Work required —
In the entries below, find the line with "Jujutsu Kaisen Print" and the line with "Virginia Brand Vidalia"; reproduce those two lines and all lines between them exactly, without pictures.

Caption-style text data

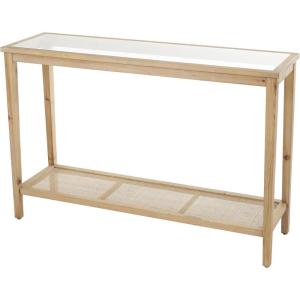 image:imageDeco 79 Wood Slim Natural 1 Shelf Console Table with Glass Top and Rattan Shelf 47 x 14 x 32 Brown
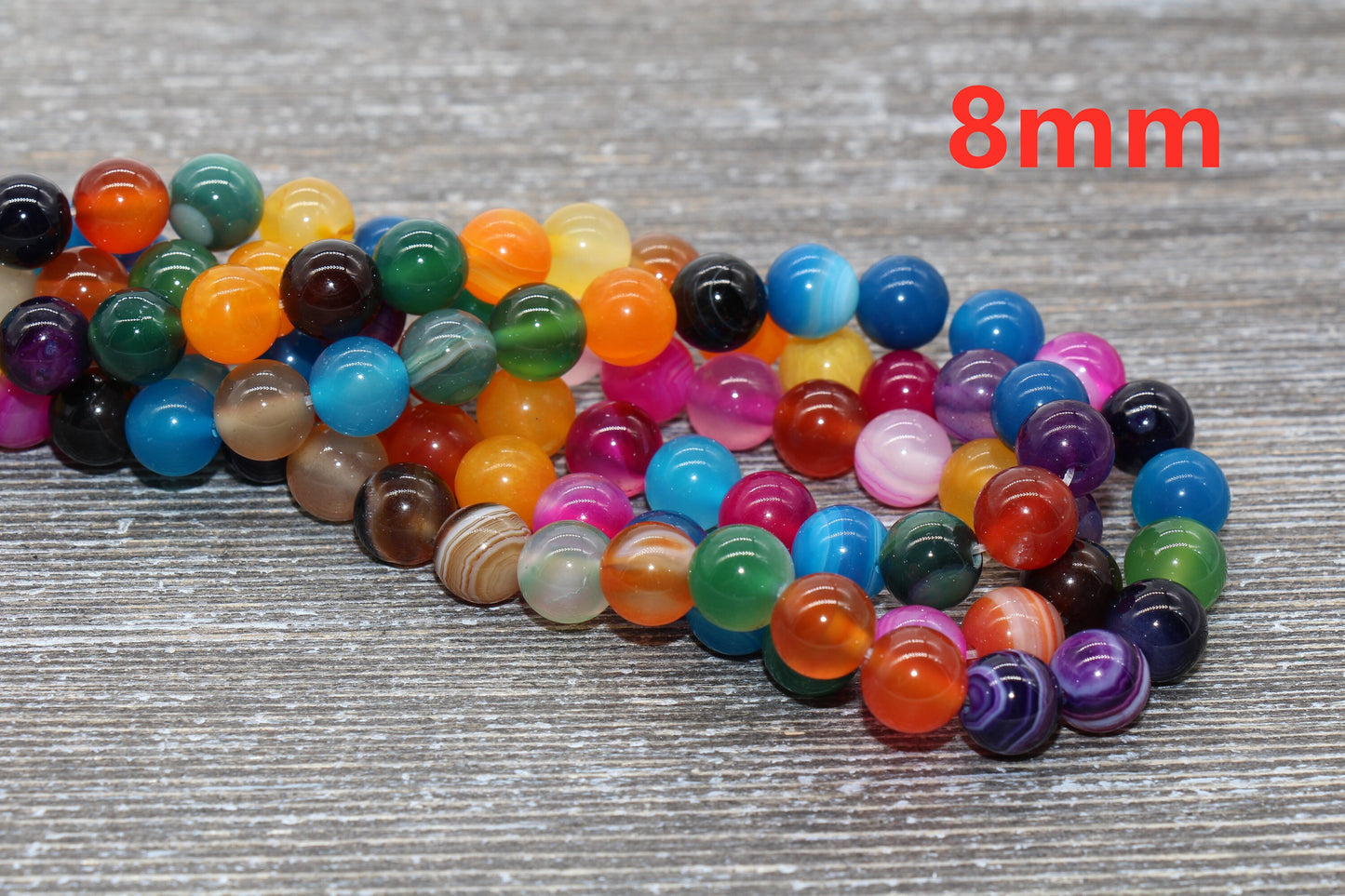 Rainbow Stripe Agate Beads, Multicolor Stripe Agate Beads, Smooth Gemstones Round Beads, Sizes 4mm 6mm 8mm 10mm,12mm, Full Strand 15.5" #49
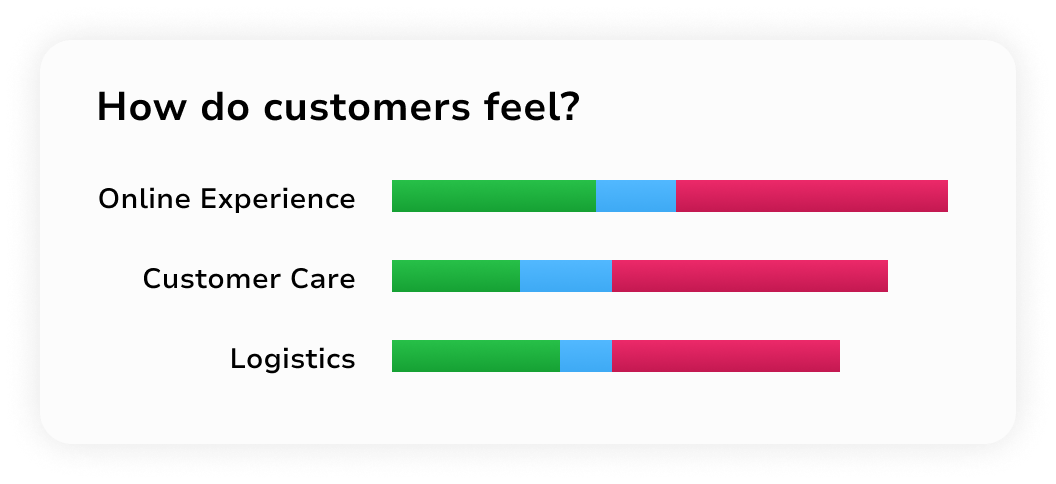 A horizontal bar chart titled How do customers feel? displays three categories: Online Experience, Customer Care, and Logistics. Each bar shows green (positive), blue (neutral), and red (negative) segments indicating customer sentiment.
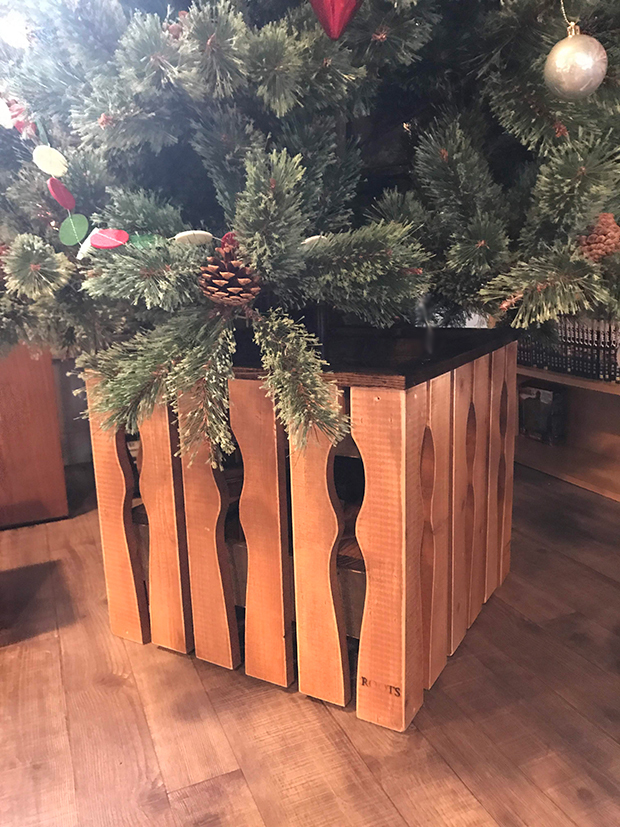 LEDガラスライトツリー 台付き レッド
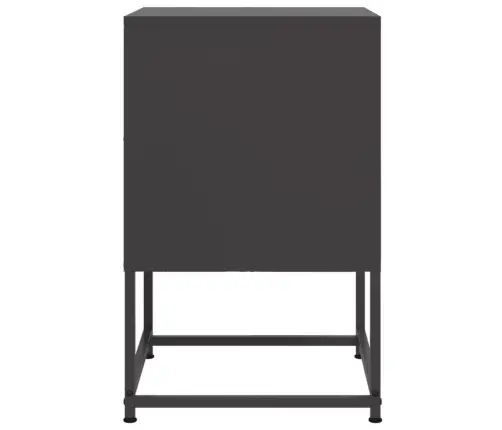 Naktsskapītis, Melns, 36X39X60,5 Cm, Tērauds Vidaxl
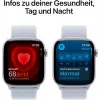APPLE Watch Series 10 GPS 46mm sidabrinis aliuminio korpusas su Blue Cloud Sport Loop apyranke
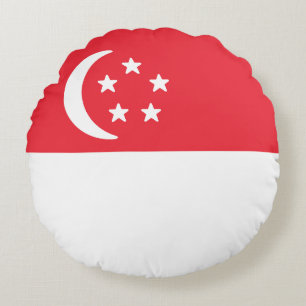 Coussins Ronds Drapeau de Singapour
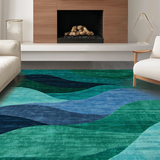 Ultra Soft Area Rug, Non Slip, Stain Resistant, Washable Area Rugs for Living Room, Bedroom, Bold Artistic Shape Play(Blue)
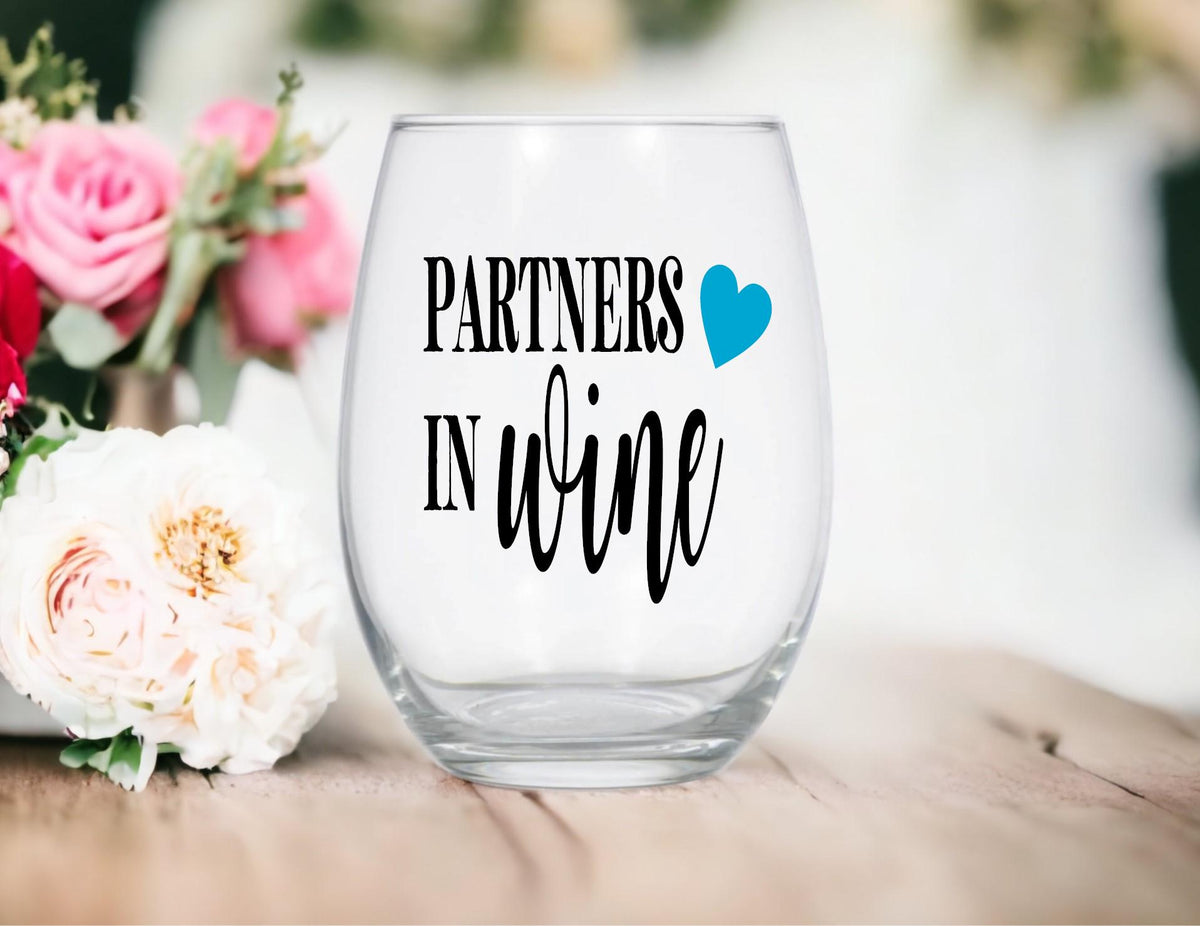 Partners In Wine Glass, Friendship Gift for Wine Lover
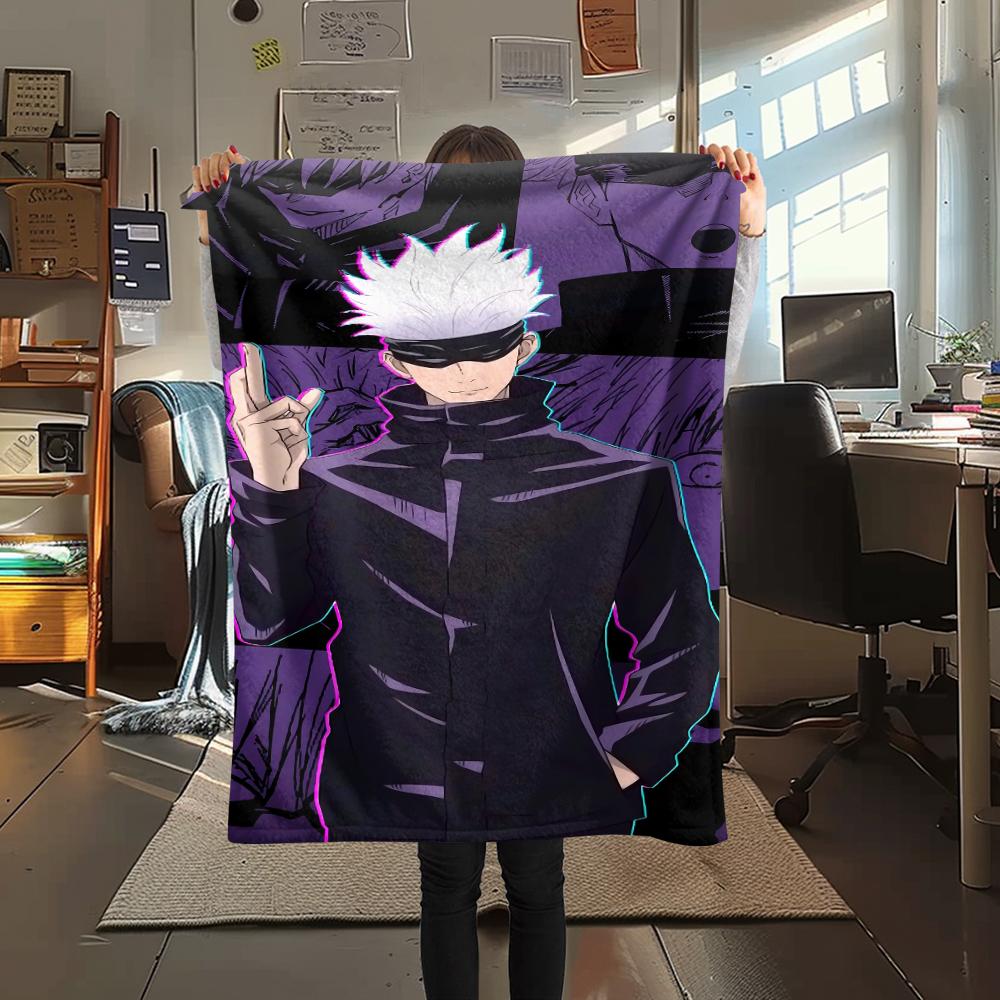 Jujutsu Kaisen Print Flannel Blanket,High quality Comfortable for All Seasons,Home Decor,Warmth and Comfort,Perfect for Christmas Gifts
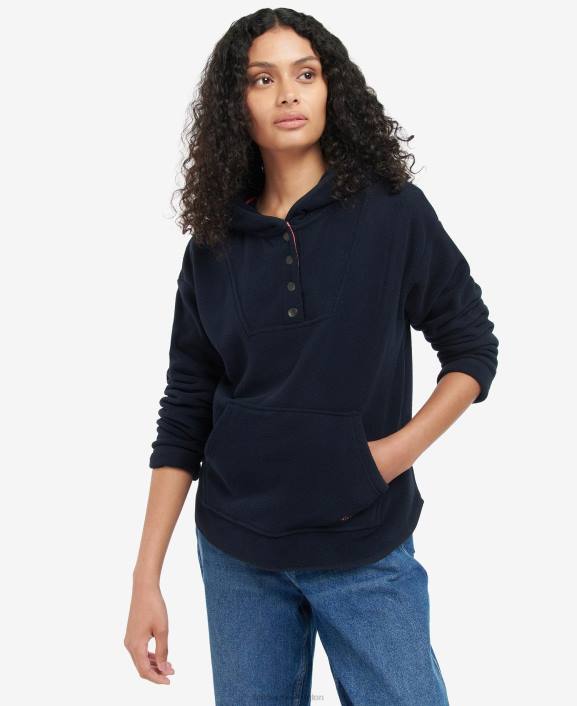 Women Classic Navy Barbour Adria Hoodie 40VB2026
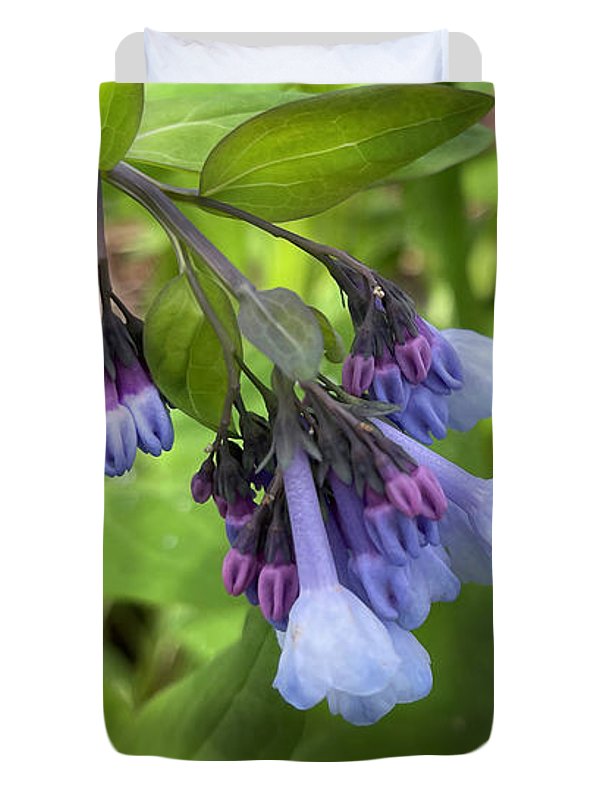 Blue and Purple April Wildflowers - Duvet Cover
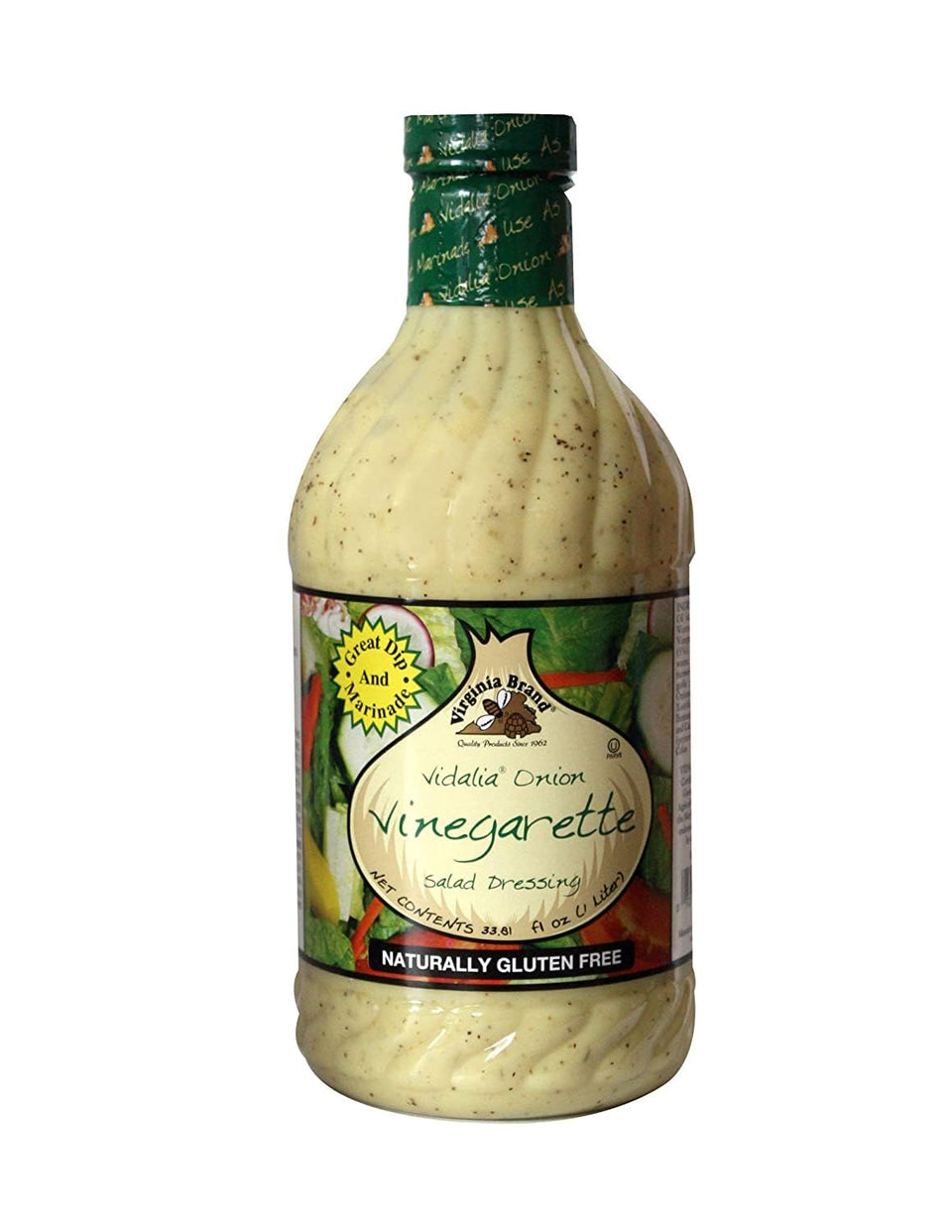 Virginia Brand Vidalia Onion Vinaigrette bottle front view highlights sweet onion flavor for salads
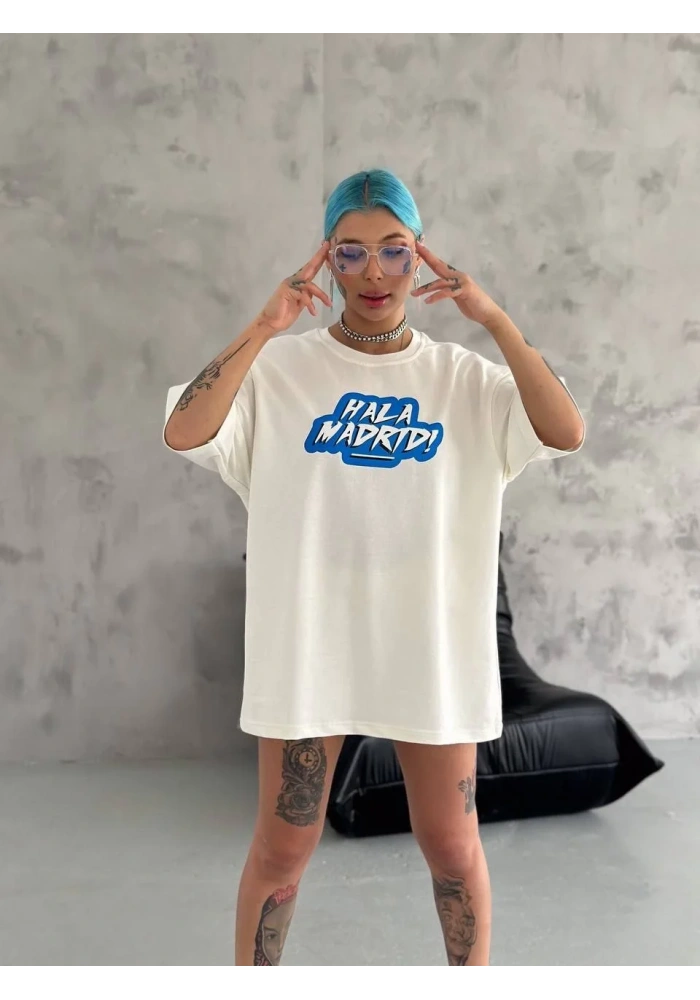kadın Bisiklet Yaka Baskılı Oversize T-Shirt - Beyaz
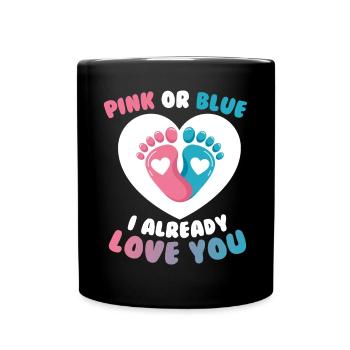 Schwangerschaftsparty Gender Reveal - Tasse einfarbig - Schwarz - Vorne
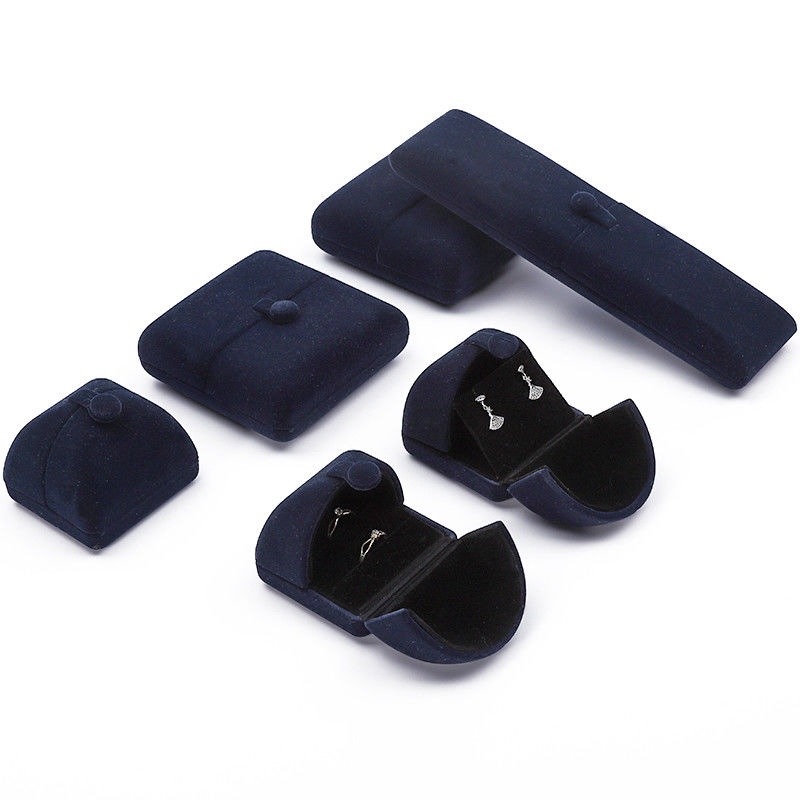 China fabricação por atacado de alta qualidade Caixa de embalagem de joias Personalizado luxuoso Caixa grande de conjunto de joias Colar Pulseira Brincos Anel embalagem artesanal azul veludo porta dupla Caixa de joias com logotipo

Answer to this problem —
 Jujutsu Kaisen Print Flannel Blanket,High quality Comfortable for All Seasons,Home Decor,Warmth and Comfort,Perfect for Christmas Gifts
 Women Classic Navy Barbour Adria Hoodie 40VB2026
 Blue and Purple April Wildflowers - Duvet Cover
 Virginia Brand Vidalia Onion Vinaigrette bottle front view highlights sweet onion flavor for salads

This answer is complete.